Als sie aufgelegt hatte, ging sie zu dem langen Tisch hinüber.
Am Tag zuvor hatte sie, nachdem Jan Paley wieder weg war,
rasch Phoebe Spragues Ordner mit den Bildern nach einer Darstellung von Kapitän Andrew Freeman durchgeschaut. Jetzt verbrachte sie mehrere Stunden damit, noch einmal alle Ordner
durchzugehen, ob ein Bild zu finden war. Aber sie entdeckte
keines.
Sie verglich ihre eigene Zeichnung mit der, die Jan Paley mitgebracht hatte. Zug um Zug stimmten beide völlig überein. Der
einzige Unterschied war, daß die Skizze aus der Brewster Library den Kapitän am Steuer seines Schiffes zeigte. Woher wußte
ich nur, wie er aussah? fragte sie sich abermals.
Sie griff nach ihrem Skizzenblock. Ein inneres Bild von Mehitabel stieg in ihrem Bewußtsein auf und wollte festgehalten
sein. Vom Wind verwehtes, schulterlanges Haar; ein zartes,
herzförmiges Gesicht; große, dunkle Augen; kleine Hände und
Füße; lächelnde Lippen; ein blaues Leinengewand mit langen
Ärmeln, hohem Kragen und Spitzeneinsatz und mit einem seitlich sich blähenden Rock.

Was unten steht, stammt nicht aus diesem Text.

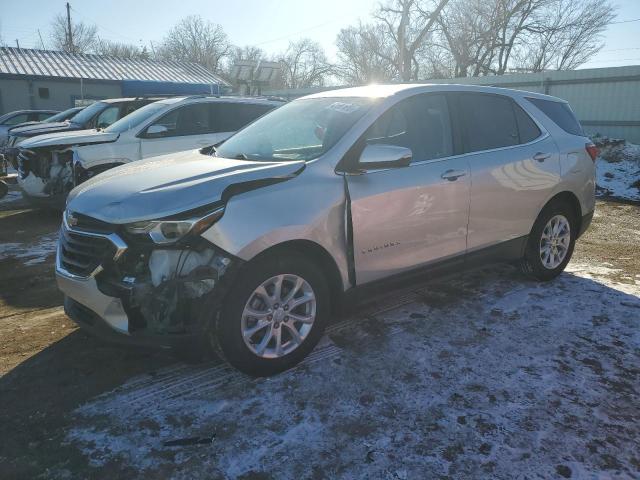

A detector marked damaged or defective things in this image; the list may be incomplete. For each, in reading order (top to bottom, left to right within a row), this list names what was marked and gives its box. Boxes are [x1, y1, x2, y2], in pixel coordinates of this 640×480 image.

crumpled hood [18, 128, 118, 149]
damaged white car [13, 97, 280, 208]
damaged front bumper [55, 218, 242, 348]
broken headlight [125, 206, 225, 244]
crumpled hood [66, 149, 306, 224]
damaged white car [57, 84, 596, 376]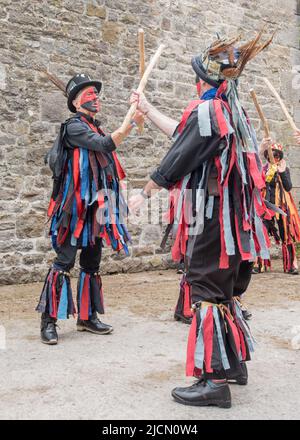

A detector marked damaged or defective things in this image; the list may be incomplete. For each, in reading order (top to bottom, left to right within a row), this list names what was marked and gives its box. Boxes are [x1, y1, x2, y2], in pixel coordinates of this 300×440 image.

layered tattered jacket [47, 111, 129, 253]
layered tattered jacket [152, 83, 272, 268]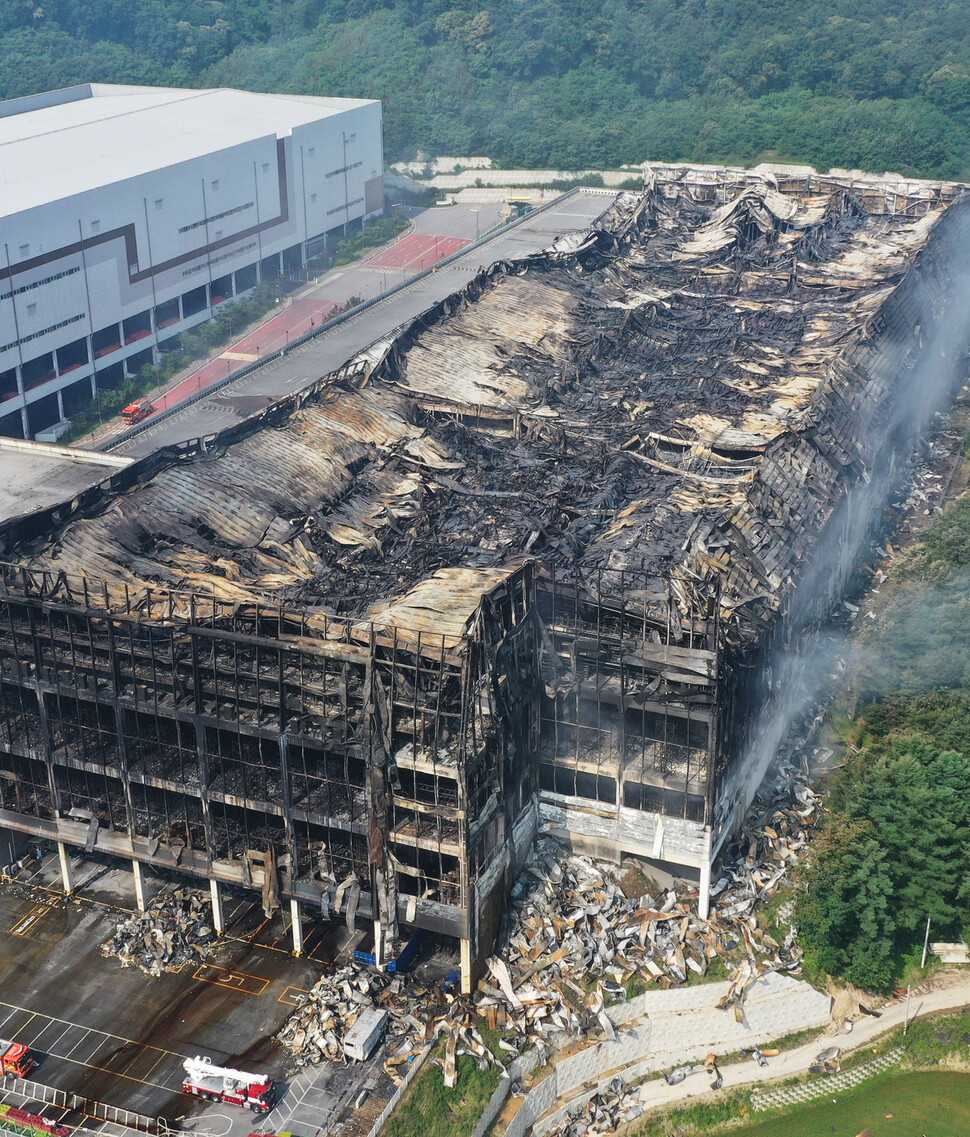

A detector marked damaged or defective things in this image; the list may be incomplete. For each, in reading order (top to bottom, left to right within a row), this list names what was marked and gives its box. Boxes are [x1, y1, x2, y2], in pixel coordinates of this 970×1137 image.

burned warehouse building [1, 164, 968, 991]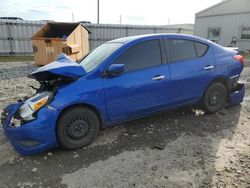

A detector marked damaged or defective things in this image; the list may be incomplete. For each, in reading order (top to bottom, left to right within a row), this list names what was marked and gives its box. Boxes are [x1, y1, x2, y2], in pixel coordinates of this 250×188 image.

crumpled hood [28, 53, 86, 81]
front bumper damage [0, 103, 58, 156]
detached bumper piece [1, 103, 58, 156]
broken headlight [16, 91, 52, 120]
damaged front end [1, 53, 87, 155]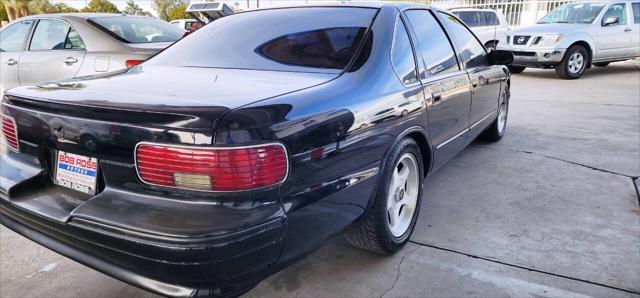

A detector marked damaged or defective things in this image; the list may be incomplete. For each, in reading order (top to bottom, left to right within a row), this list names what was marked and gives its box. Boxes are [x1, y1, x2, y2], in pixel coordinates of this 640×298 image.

pavement crack [476, 146, 636, 178]
pavement crack [380, 246, 420, 296]
pavement crack [408, 240, 636, 296]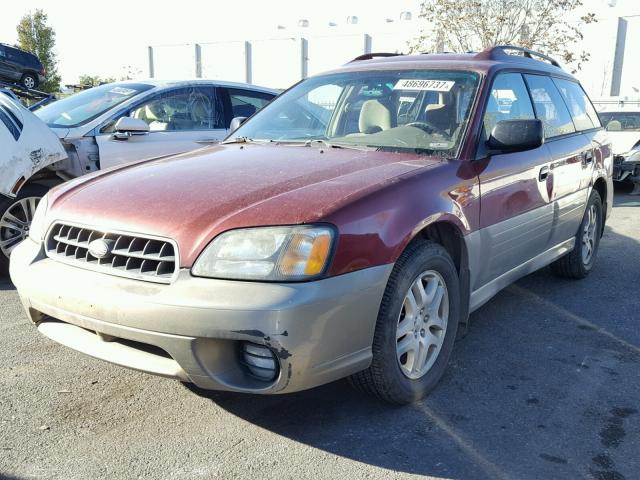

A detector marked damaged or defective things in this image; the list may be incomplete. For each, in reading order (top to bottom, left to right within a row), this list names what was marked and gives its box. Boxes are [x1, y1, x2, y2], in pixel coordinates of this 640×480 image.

damaged white car [0, 80, 276, 272]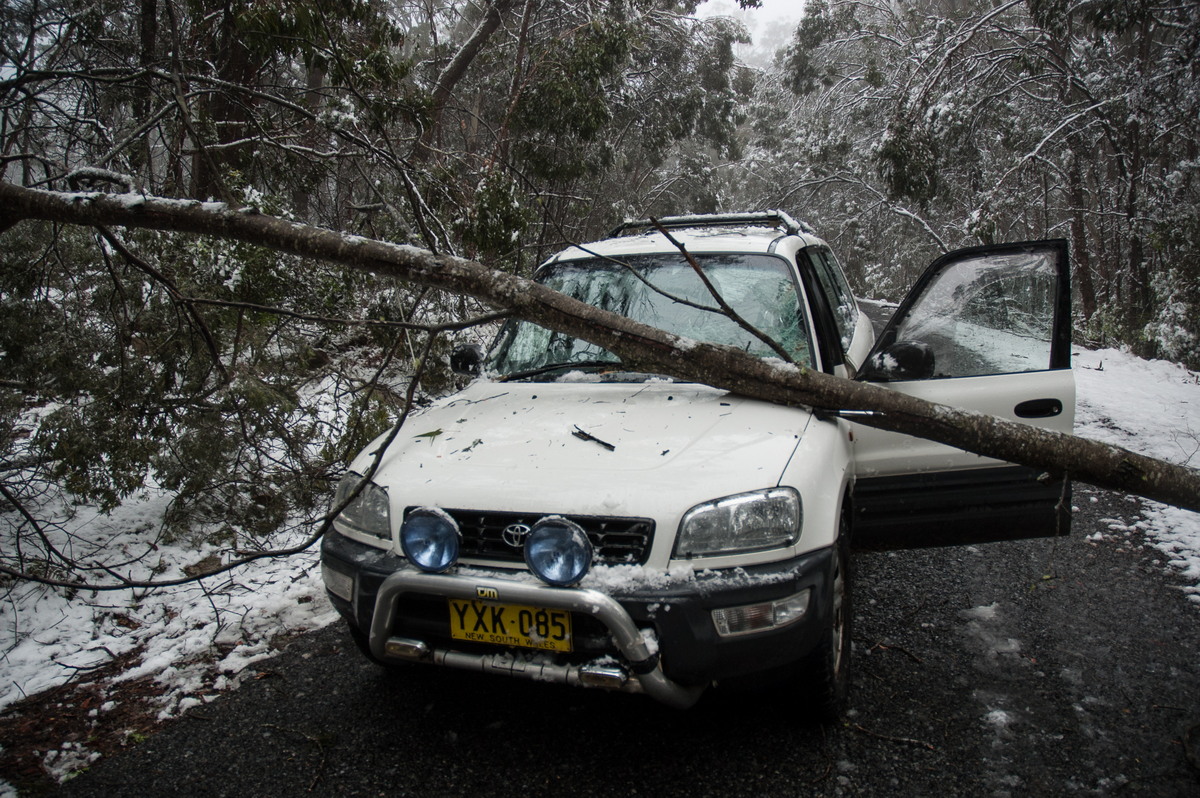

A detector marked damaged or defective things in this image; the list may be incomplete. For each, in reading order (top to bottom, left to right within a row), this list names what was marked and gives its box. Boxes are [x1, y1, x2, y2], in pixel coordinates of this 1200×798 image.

cracked windshield [490, 256, 816, 382]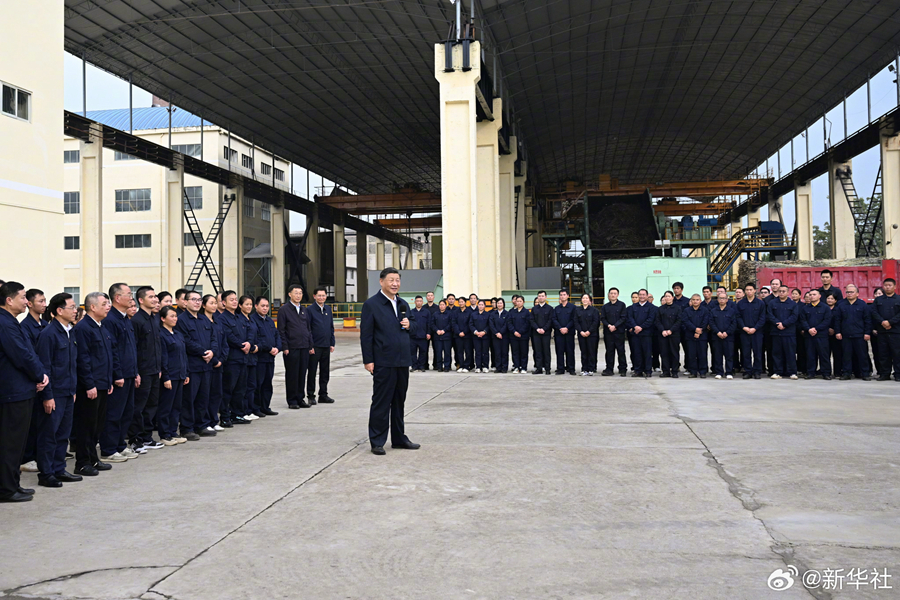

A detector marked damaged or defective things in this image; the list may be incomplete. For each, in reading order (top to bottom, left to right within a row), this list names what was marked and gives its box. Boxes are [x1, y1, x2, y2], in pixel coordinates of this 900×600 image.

cracked concrete ground [0, 332, 896, 600]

Mit behenden, sicheren Strichen ihrer geübten Hände übertrug
sie die Eingebung geschickt auf Papier. Als sie damit fertig war,
hielt sie ihre Skizze gegen die Zeichnung, die Jan gebracht hatte,
und begriff, was sie getan hatte.
In der Zeichnung aus der Brewster Library bauschte sich eine
Spur von Mehitabels wehendem Rock hinter der Gestalt des
Kapitäns hervor.
Menley packte ihr Vergrößerungsglas. Die kleinen Striche auf
Andrew Freemans Ärmel auf der alten Zeichnung aus der Bücherei waren Fingerspitzen – Mehitabels Finger. Hatte sie hinter
ihrem Mann an Bord gestanden, als der unbekannte Künstler ihn
vor fast dreihundert Jahren porträtierte? Hat sie auch nur annähernd so ausgesehen, wie ich sie konzipiert habe? überlegte
Menley.
Plötzlich verängstigt, versteckte sie die drei Zeichnungen
ganz unten in einem der Ordner, nahm Hannah auf den Arm und
ging nach draußen in die Sonne.
Hannah machte fröhliche Laute und zog ihre Mutter an den
Haaren, und als Menley sanft die kleinen Finger löste, fiel ihr
etwas ein: Gestern nacht, als ich von dem dröhnenden Eisenbahnlärm aufgewacht bin, schrie Hannah doch.